我道:“口说无凭,你倒拿出证人的证词来啊?”
杨林道:“你急什么,是不是被我说中心虚了啊。到时候法院会让他们上庭作证的,要是他们作伪证的话,可是要做牢的。”
我道:“你少吓我,这是民事诉讼,不是刑事诉讼。”
杨林道:“你知道,未必他们也知道,到时候看他们会不会说实话,人民警察可不是吃素的。”
我道:“你们还想刑讯逼供不成,是不是还要请张警官出马啊。”
想到张杰,我心里不由怪怪的。
杨林瞟我一眼,道:“你是不是吃醋了啊?”
我道:“我吃什么醋,我会吃他的醋?”
杨林话出口,想到这话落在姐姐耳里,可是大有暖昧之嫌,不由有些脸红。
看到杨林脸红的样子,我心中又是一荡。
接下来,杨林又给我们上了一次民事诉讼课。
就算没有证人证明姐姐早就知道遗嘱的事,舅舅他们也会有别的办法作梗。
他们可以要求我们提供证明,外婆倒底是把哪二套房子留给姐姐的,我靠,这我们怎么会知道,但拿不出证明,他们就会说我们是证据不足。

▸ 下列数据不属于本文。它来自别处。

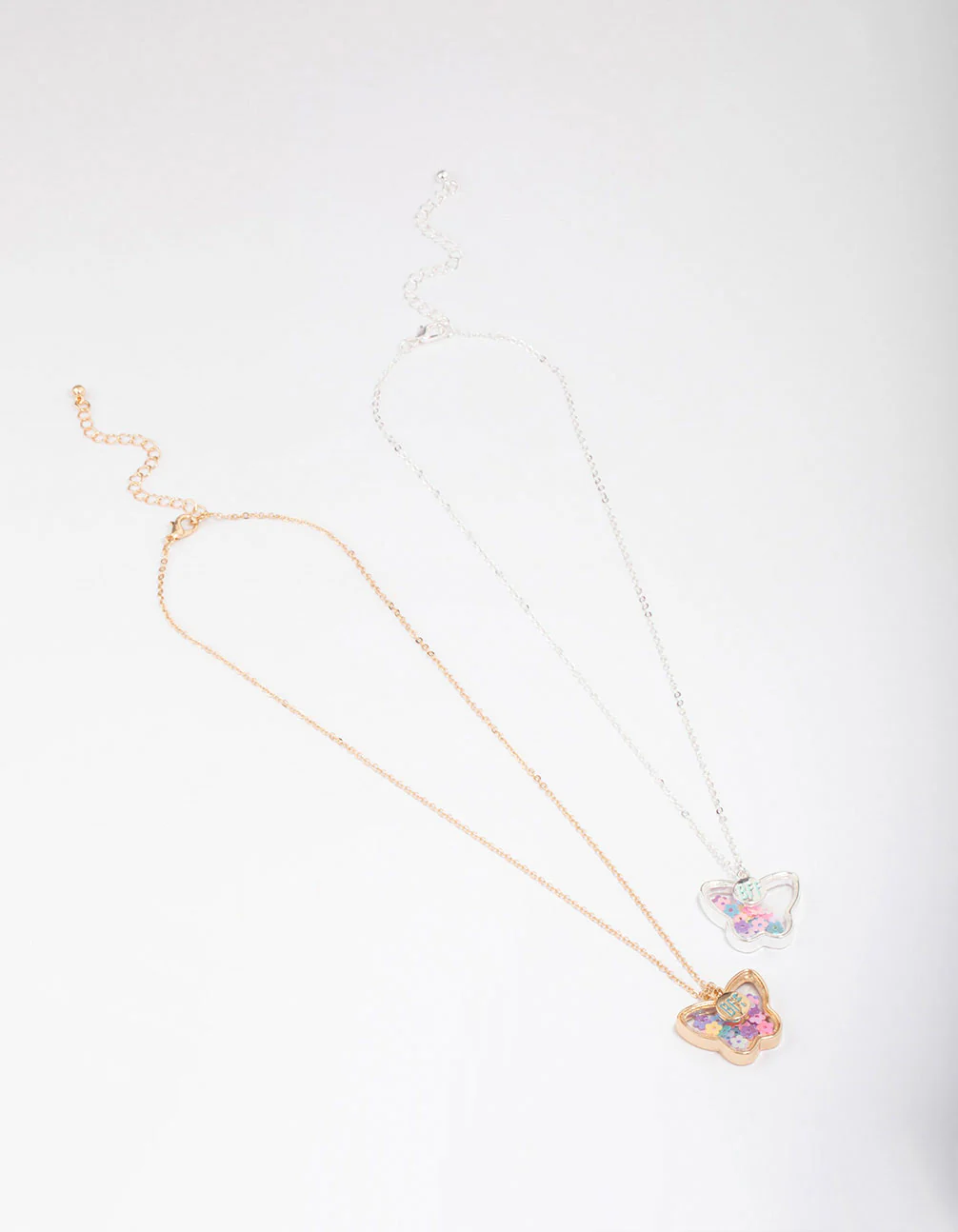 Kids Gold & Silver Butterfly Shaker Pendant Necklace Pack - Image 2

虽然事情明摆着是我们有理,但未免就是我们有利,要不这些年怎么会有这么多的胡涂案,冤案错案呢,这年头人情案还少吗。
再进一步说,就算最后我们提供了无懈可击的证据打赢了官司,也会有一个执行的问题。
舅舅他们自然不会老老实实地交出房子,弄到头来还要申请法院强制执行,但舅舅他们是地头蛇,在法院、派出所、镇政府里都有认识的人,执行难是可以想象的。
现在的老百姓是很怕打官司的,“赢了官司输了钱”那是常有的事。
有个笑话,一个老农丢了头牛,但打过官司之后,牛没找回来,光是请老爷们吃喝的钱就已经比一头牛的钱还多,等于又丢了一头牛。
虽说我们也认识不少人,大不了到最后再让周大记者写篇报道,这种“双牛案”不会发生在我们身上,但事情的难度也是可想而知的。
杨林的口才还真不错,到最后居然真把姐姐说动心了,答应回去再想想。
杨林道:“叶姐,如果你同意和解的话,我姑姑那里就由我会去说,保证不会让你们吃亏。”
我道:“你这么好的口才,干嘛当初不去上政法学院,却去考什么医大,而且医大也没学好,连缝个针拆个线还笨手笨脚的。”
杨林道:“你是我什么人啊,管我这么多?”
我吓得不敢再说什么,不然的话可就要引火烧身了。
说完案子的事,姐姐见时间也不早了,起身道:“那就这样吧,我们回去再想想,过二天给你答复。”
杨林道:“不急,姐姐你慢慢想好了。”
她倒是能套近乎,由叶姐改叫姐姐了。姐姐道:“那我们走了。”
杨林见我也要跟着走,道:“姐姐,你先走好了,我和小新还有点事想谈谈。”
我靠,要来的总归要来,躲也躲不过啊。
姐姐道:“你们还有什么事吗?”
看我一眼,又道:“我是他姐姐,有什么事对我说也是一样的。”
上个星期天,我和杨林在床上“聊天”结果“聊”得脖子上都种出了“草莓”这才被姐姐发配到药店值夜。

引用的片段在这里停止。